(Items listed in a dataset)
»»

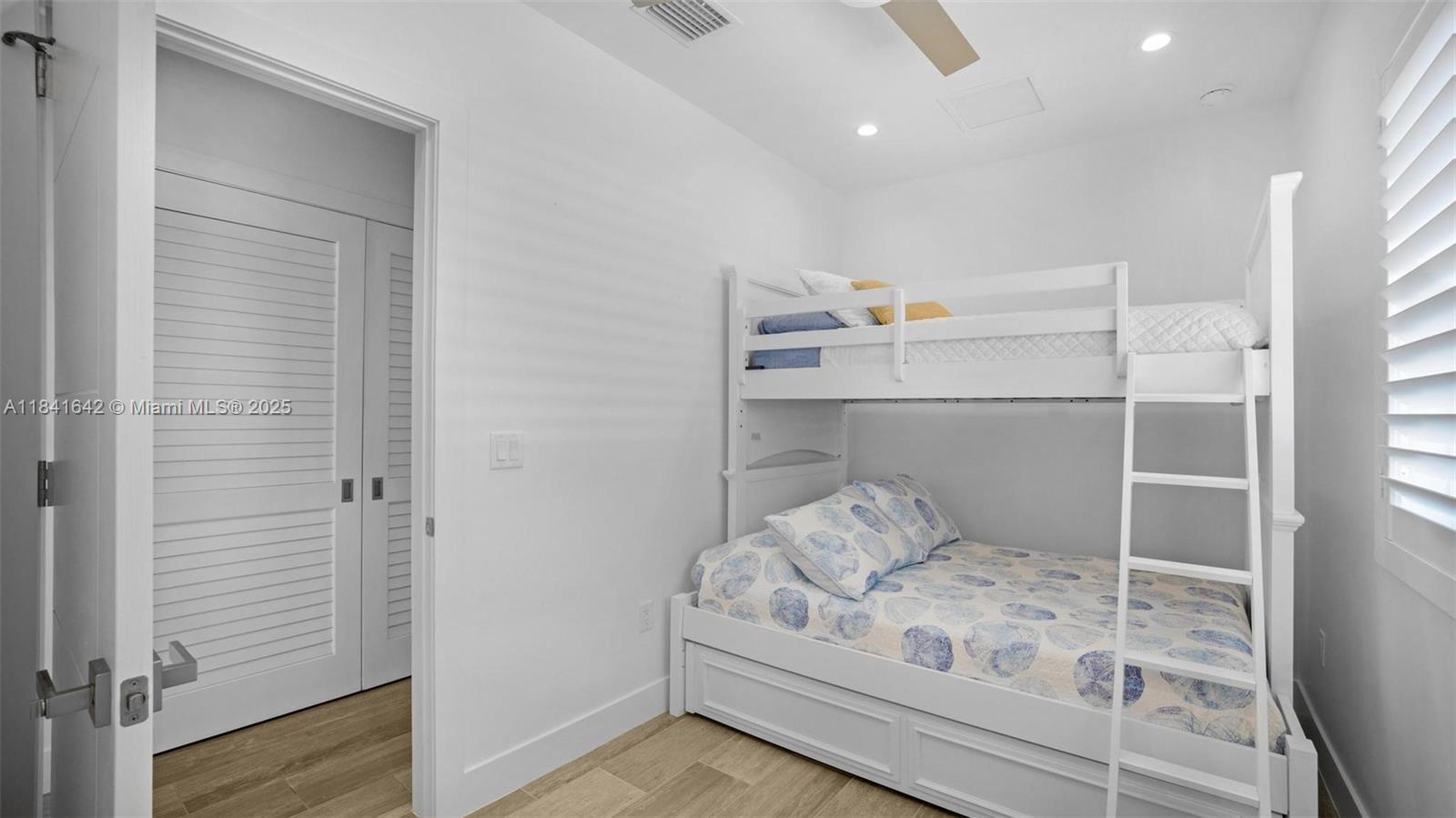 CROSS KEY WATERWAYS EST S - Residential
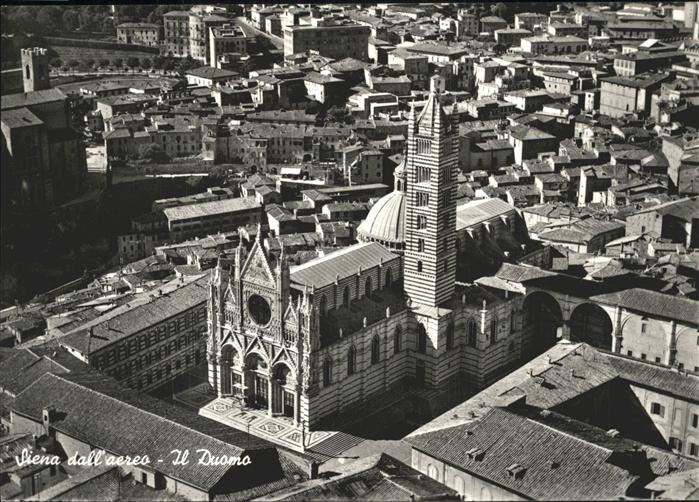 Siena dall aereo Il Duomo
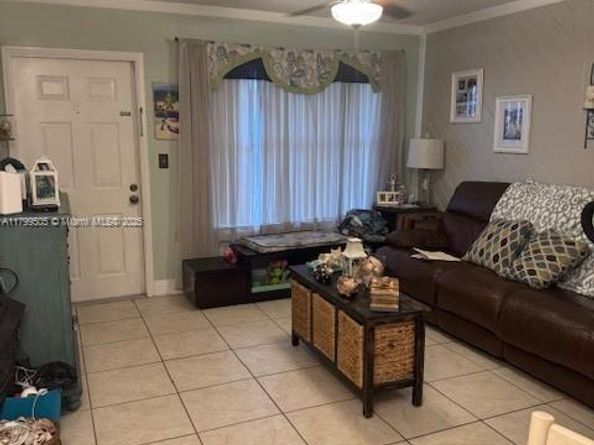 10047 Winding Lake Rd 203, Sunrise FL 33351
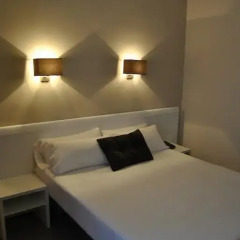 Отель Sweet Continental 2* Стандартный номер фото 10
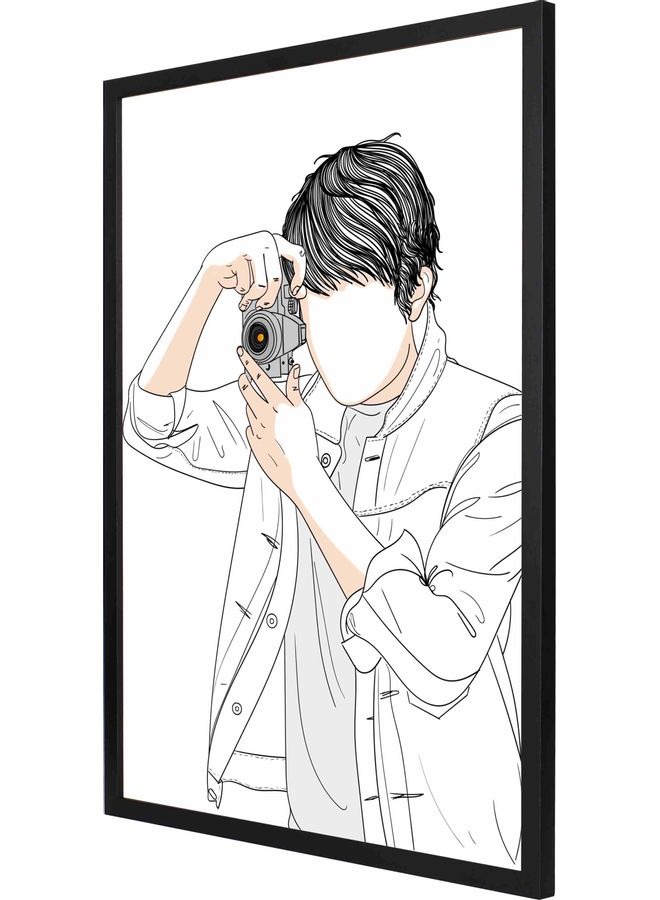 لوحة فنية للديكور بإطار وتصميم يعبّر عن مصوّر فوتوغرافي أسود 53x73x2سم - Image 1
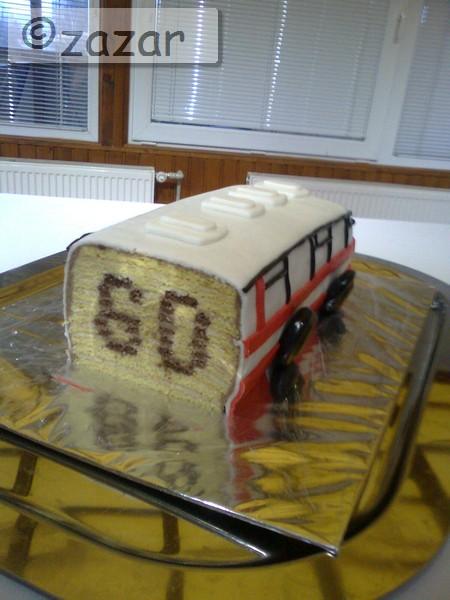 Autobus - skrytá 60-tka - po rozkrojení, torta, Netradičné torty, zazar, 1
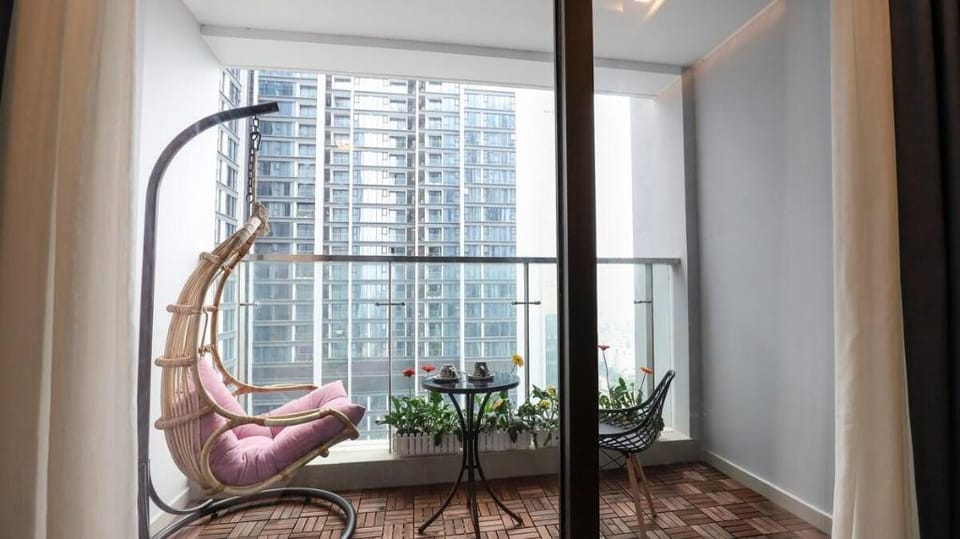 Happy 3 BRS 2 WC VinHomes Metropolis. Apartment in Hanoi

««

Output every line of the records exactly, excluding all pictures.

 CROSS KEY WATERWAYS EST S - Residential
 Siena dall aereo Il Duomo
 10047 Winding Lake Rd 203, Sunrise FL 33351
 Отель Sweet Continental 2* Стандартный номер фото 10
 لوحة فنية للديكور بإطار وتصميم يعبّر عن مصوّر فوتوغرافي أسود 53x73x2سم - Image 1
 Autobus - skrytá 60-tka - po rozkrojení, torta, Netradičné torty, zazar, 1
 Happy 3 BRS 2 WC VinHomes Metropolis. Apartment in Hanoi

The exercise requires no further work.